Recently, the U.S. Food and Drug Administration (FDA) granted Breakthrough Therapy designation to an antibody-drug conjugate for the treatment of patients with relapsed or refractory blastic plasmacytoid dendritic cell neoplasm (BPDCN); gave Fast Track designation to a novel chimeric antigen receptor (CAR) T-cell therapy in patients with B-cell malignancies; and granted Orphan Drug designation to a first-in-class drug candidate for the treatment of gastric and gastroesophageal junction adenocarcinoma.
Breakthrough Therapy Designation for IMGN632 in Relapsed or Refractory Blastic Plasmacytoid Dendritic Cell Neoplasm
The FDA granted Breakthrough Therapy designation to IMGN632 for the treatment of patients with relapsed or refractory blastic plasmacytoid dendritic cell neoplasm (BPDCN).
BPDCN is a rare form of blood cancer that has features of both leukemia and lymphoma, with characteristic skin lesions, lymph node involvement, and frequent spread to the bone marrow. This aggressive cancer requires intense treatment often followed by stem cell transplant. Despite the recent approval of a CD123-targeting therapy, the unmet need remains high for patients, particularly in the relapsed/refractory setting.
IMGN632 is a CD123-targeting antibody-drug conjugate in clinical development for hematological malignancies, including BPDCN, acute myeloid leukemia, and acute lymphocytic leukemia. IMGN632 uses one a novel indolino-benzodiazepine (IGN) payloads, which alkylate DNA without crosslinking. IGNs have been designed to have high potency against acute myeloid leukemia blasts, while demonstrating less toxicity to normal marrow progenitors than other DNA-targeting payloads.
Breakthrough Therapy designation was granted for IMGN632 based on the findings from the BPDCN cohort of the first-in-human study of IMGN632, for which initial data were presented in an oral session at the American Society of Hematology (ASH) Annual Meeting & Exposition in 2019. Updated data from the IMGN632 monotherapy BPDCN dose expansion cohort will be presented at the ASH meeting this December.
Fast Track Designation for ‘Switchable’ CAR T-Cell Therapy, CLBR001 + SWI019, in B-Cell Malignancies
The FDA granted Fast Track designation to a novel “switchable” CAR T-cell therapy. The therapy is currently being evaluated as a treatment for B-cell malignancies, a class of blood cancers that includes non-Hodgkin lymphoma and chronic lymphocytic leukemia.
A phase I trial has begun patients to assess the safety and tolerability of the cell therapy. The study is being conducted at multiple sites in the United States.
The investigational CAR T-cell therapy leverages patients’ own immune cells to treat cancer, putting the cells under control of a novel molecular “switch” that seeks to mitigate potentially life-threatening side effects that have hampered the use of cell therapies to date.
Some patients who receive T-cell therapies experience an adverse effect called cytokine-release syndrome, which occurs when the immune system reacts too strongly.
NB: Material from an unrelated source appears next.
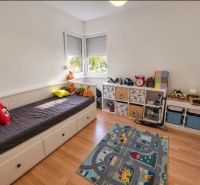Kinderzimmer in einem Einfamilienhaus mit Bett und Stauraum, Boden mit Holzdekor.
The switchable CAR T-cell platform incorporates an antibody known as SWI019 that acts as a switch, activating the engineered cells (CLBR001) and directing them to engage the cancer target. This mechanism may allow doctors to have more control over the therapy, which could provide a significant safety advantage.
In preclinical studies, the approach proved highly effective at eliminating tumors while controlling the level of cytokines produced in response to treatment. Further, by switching the CLBR001 cells “on” and “off” the approach allows the engineered cells to “rest,” which in preclinical models afforded greater efficacy.
Orphan Drug Designation for CT041 CLDN18.2 CAR-T Cells in Gastric and Gastroesophageal Junction Cancers
The FDA granted orphan drug designation to one of a first-in-class drug candidate, CT041, for the treatment of gastric and gastroesophageal junction adenocarcinoma. CT041 is a humanized anti-claudin18.2 autologous chimeric antigen receptor (CAR) T-cell product, and is targeted to treat patients with claudin18.2-positive tumors.
CT041 is the first claudin18.2-targeted CAR T-cell therapy that has received Investigational New Drug (IND) clearance by the FDA and the first to receive IND clearance by the National Medical Products Administration in China. The initiation of an open-label, multicenter, phase Ib clinical trial to evaluate the safety and efficacy of autologous CT041 cell therapy in patients with advanced gastric, gastroesophageal, or pancreatic adenocarcinoma is currently underway.